My prediction for 2022 was that S&P will see a +15% correction, but I don’t think this is the beginning. 

It should be noted that the S&P continued to recover after the tapering program began. Since 2015, the Fed has found a variety of ways to infuse cash into the economy without lowering the value of the dollar. The big question is, can the Fed do it again? Does it have the same tools? The answer…we shall find out in the coming months.

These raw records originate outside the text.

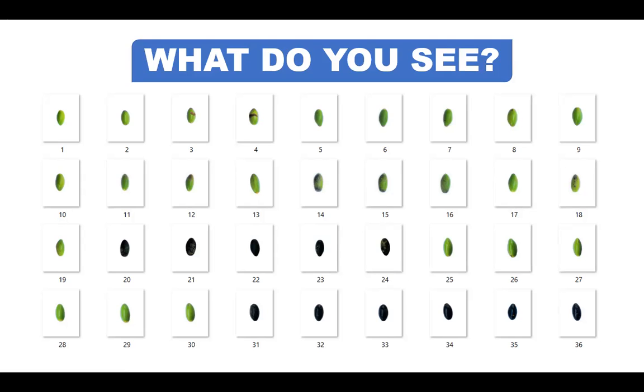So at first glance, what do you notice on this image flashed on the screen? Aside from these are pili fruits, it is evident that the pili images can be classified into two different classes: the ripe, which are black in color, and the unripe, which are green.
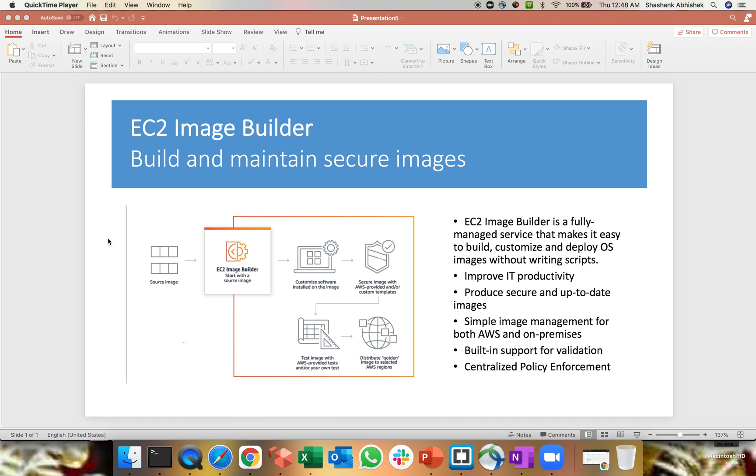Today we will be going to check out another important topic which is called EC2 Image Builder. This service will help you to automate the image creation process. It's basically a pipeline, a delivery pipeline where you just configure once and after certain duration of your schedule you will get a proper AMI or a new AMI based upon all the new patch updates, all the new driver updates, all your softwares whatever you define. That's how EC2 Image Builder looks like.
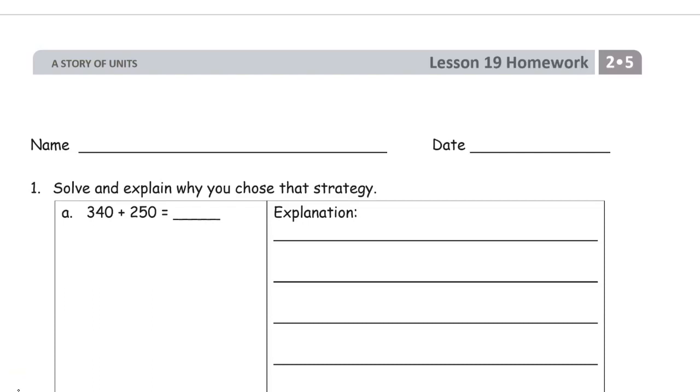Welcome to the homework for lesson 19. It's module 5 of grade 2. Please write your name here first.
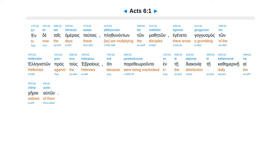Chapter 6. En de tais hemerais tautais, pleithunanton ton matheton, egeneto gongusmos ton helleniston pros tous hebraious, hoti paretheoronto en te diakonia te kathemerine hai cheirai auton.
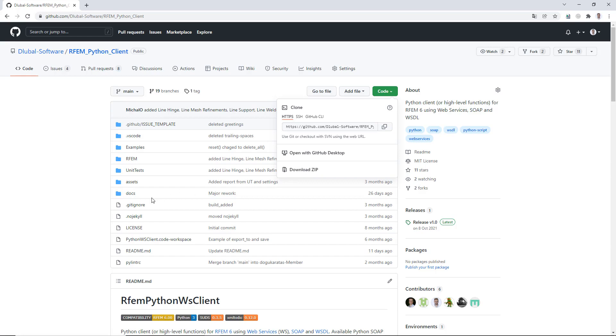But before we go on with the first example, we will run through the concept of a library in Python, with an emphasis on the RFM 6 high-level functions library, which we have just cloned to our computer. This is the subject of the next video.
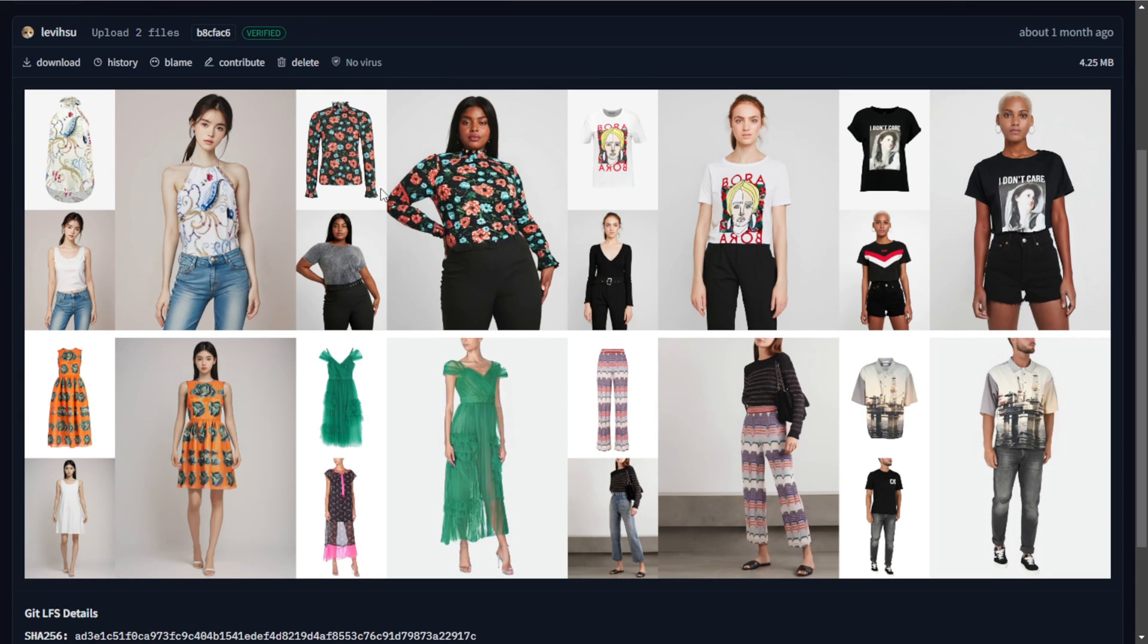Most of the demo images they show feature very straightforward forward-facing poses. It can't handle more dynamic angles like a seated pose or side view as well.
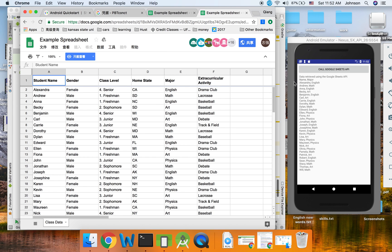Next tutorial video I will teach you how to fetch data of your own Google Sheet. Thank you for watching.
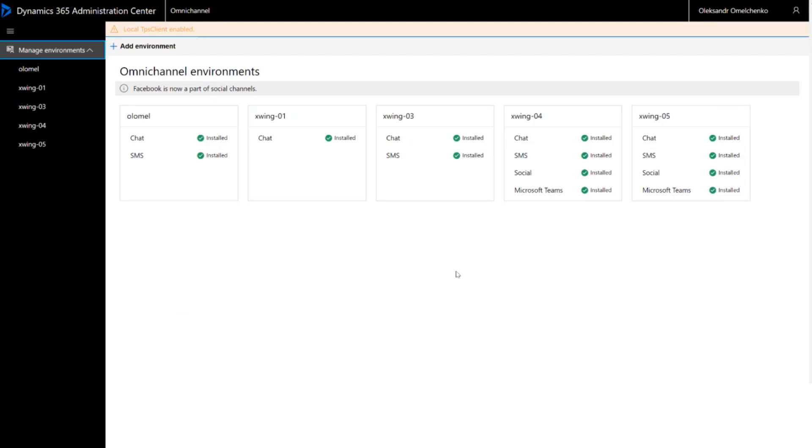To complete this process, you must have both Global Tenant Admin and Dynamics 365 System Admin permissions for your organization. The Manage Environments page shows you all the tenants' instances and channels they can use. Note that Facebook is now provisioned within social channels.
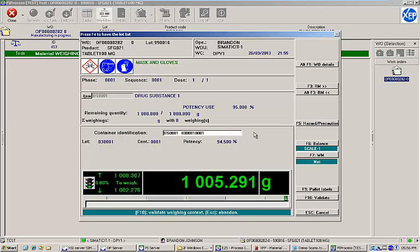You can see that based on this tolerance, the BOM line has an upper limit of 1,008.307 grams and a lower limit of 1,002.275 grams. I'll click the Validate button to confirm my source container selection and record a container tare weight of 100 grams.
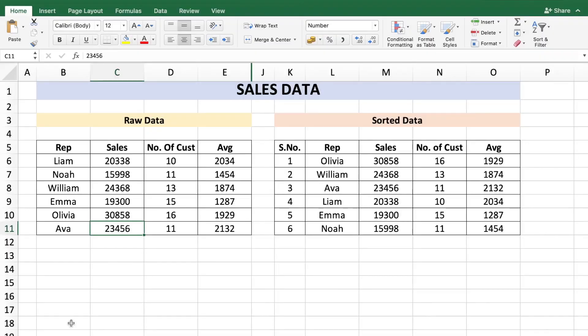Hey there everyone, welcome to Technisha. In a previous video I showed you how to sort data automatically in Excel without using macros. In that video I showed you how to sort data based on one column of information.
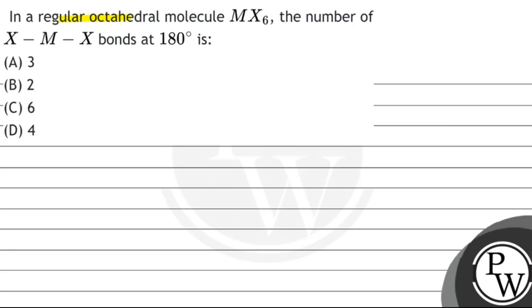In a regular octahedral molecule MX6, the number of XMX bonds at 180 degrees is: option A, 3; option B, 2; option C, 6; and option D is 4.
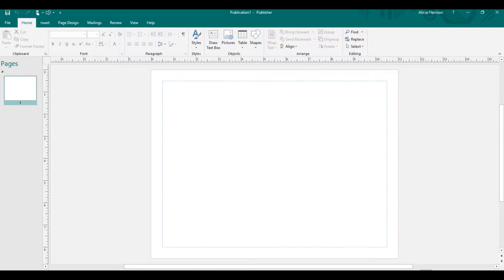I've done videos on patterns in Photoshop. I want to show you guys how to use patterns and get glitter text in Publisher.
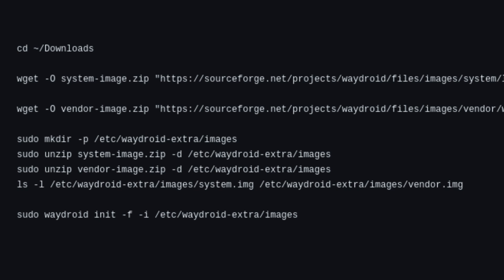Once downloaded, create the directory as shown to store these images. Extract both files into that directory.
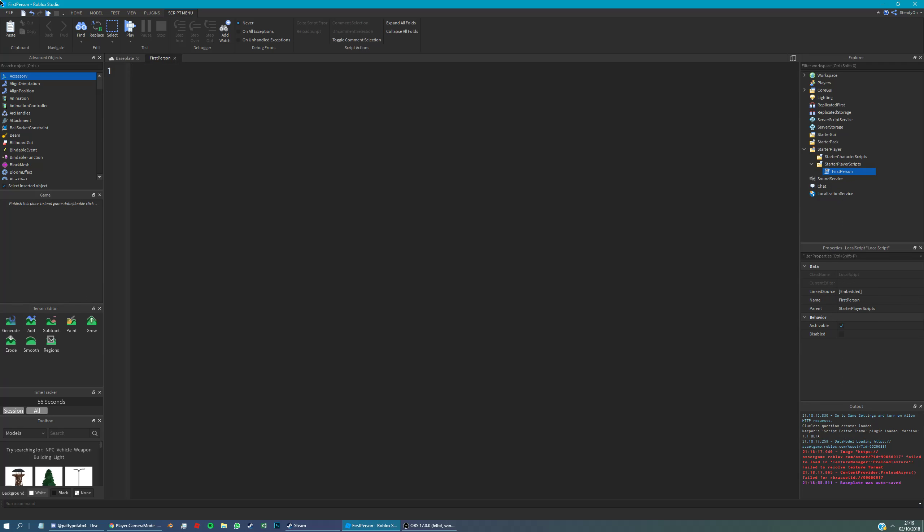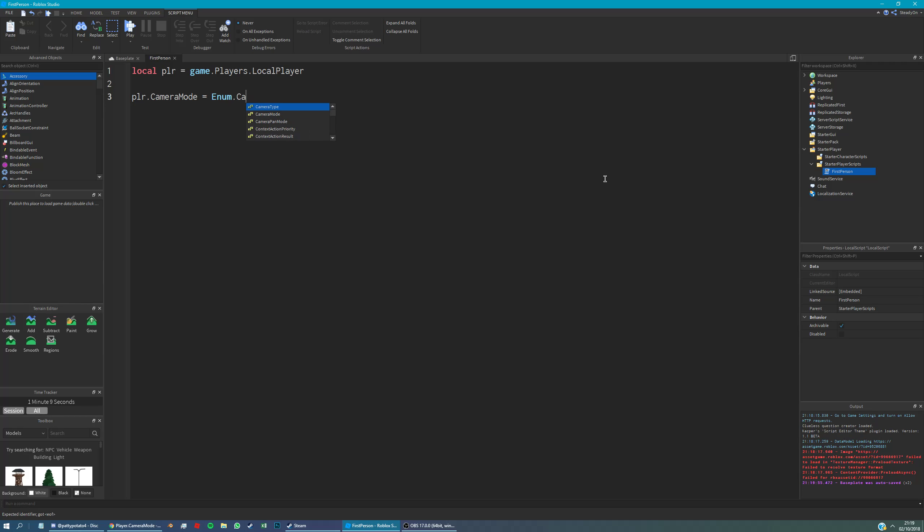All we're going to need is one variable called player. The player is going to be the local player, so the player that owns this local script. All we're going to do is say player camera mode equals enum camera mode and then lock first person.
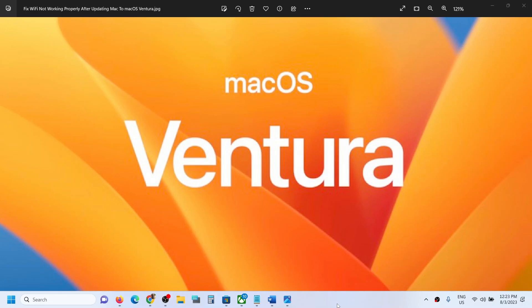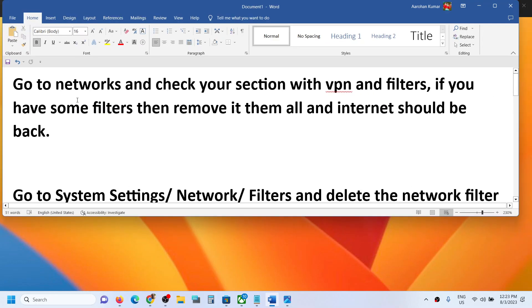Hello guys, welcome to my channel. Today in this video I'm going to show you how to fix when Wi-Fi is not working properly after updating your Mac to macOS Ventura. Now to fix this, open networks, go to networks and check your section with VPN and filters. If you have some filters then you have to remove it and then internet should start working.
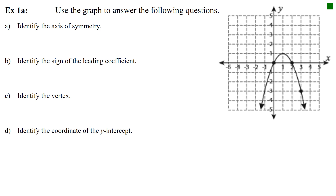Example 1a: use a graph to answer the following questions. First, identify the axis of symmetry — at what value is the graph split in half. If we draw a dashed line there, that is the axis of symmetry, and it falls at x = 1. So the axis of symmetry is x = 1. For parabolas that open up or down, the axis of symmetry will always be written as x equals some value.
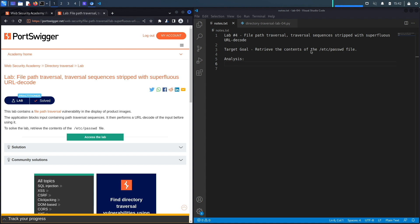Our target goal is to retrieve the content of the passwd file by exploiting a file path traversal vulnerability. There are some defensive mechanisms—it blocks input that contains the path traversal sequence, and then it performs a URL decode which will become important when we exploit the vulnerability.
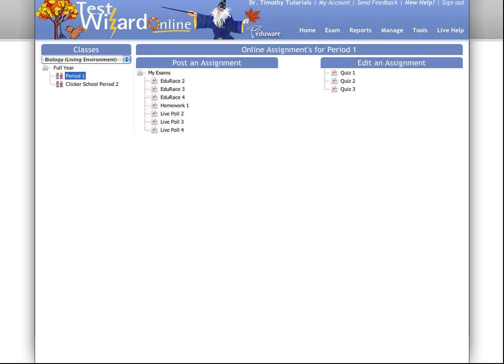Hi, this is Tim with EdgyWare, and in this video, I'm going to show you some advanced features of working with assignments.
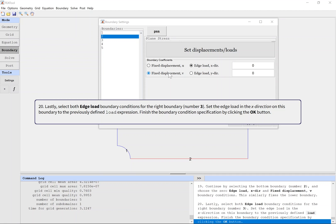Lastly, select both edge load boundary conditions for the right boundary, number 3. Set the edge load in the X direction on this boundary to the previously defined load expression. Finish the boundary condition specification by clicking the OK button.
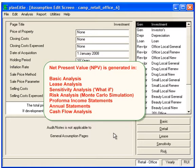The Net Present Value or Present Value is shown in the Basic Analysis, Lease Analysis, Sensitivity Analysis, Risk Analysis, Income Statements, Annual Statements, and the Utilities Cash Flow Analysis.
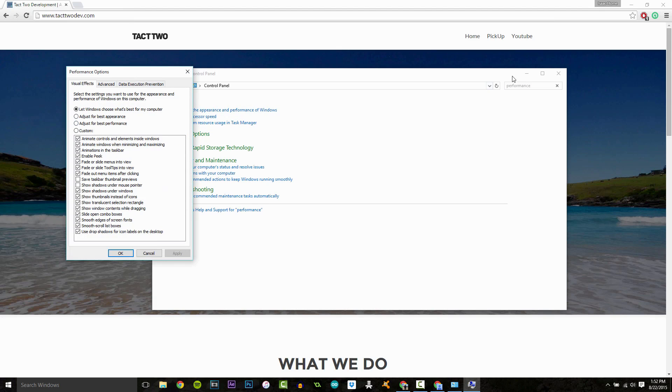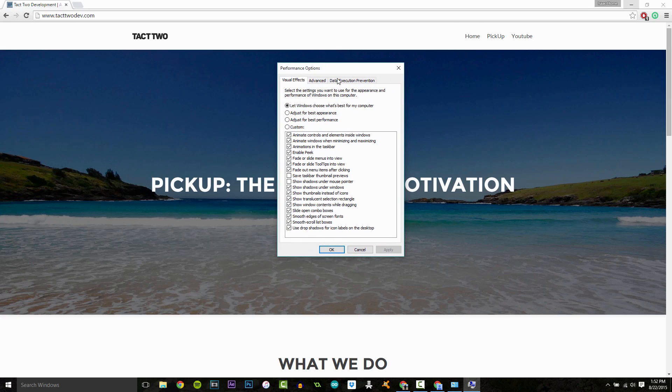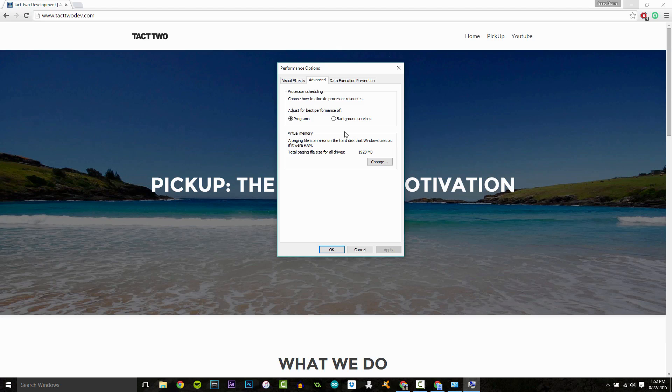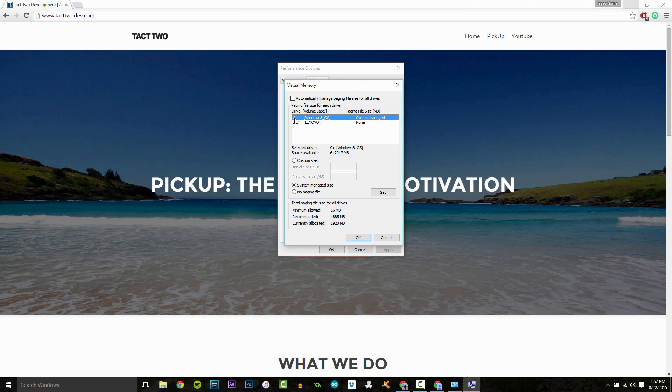And then we're going to come under the Advanced tab, and we're going to come under Virtual Memory. Click the Change button, and uncheck Automatically Manage Paging File Size for All Drives. Now, you want to select your main hard drive.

According to the Stock Trader’s Almanac: 

Having failed to recover Wednesday’s losses by today’s close, the S&P 500 is now down 1.9% year-to-date and thus our First Five Day (FFD) early warning system is negative. This is the first down FFD since 2016 when the period slid 6.0%. However, the S&P 500 finished that year with a 9.5% gain. 

Additionally, the FFD indicator does not have a great track record in midterm election years. In the last 18 midterm election years, only 8 full years followed the direction of the FFD, and of the seven down FFDs in midterm years, just two full years were down — 1962 and 1974. 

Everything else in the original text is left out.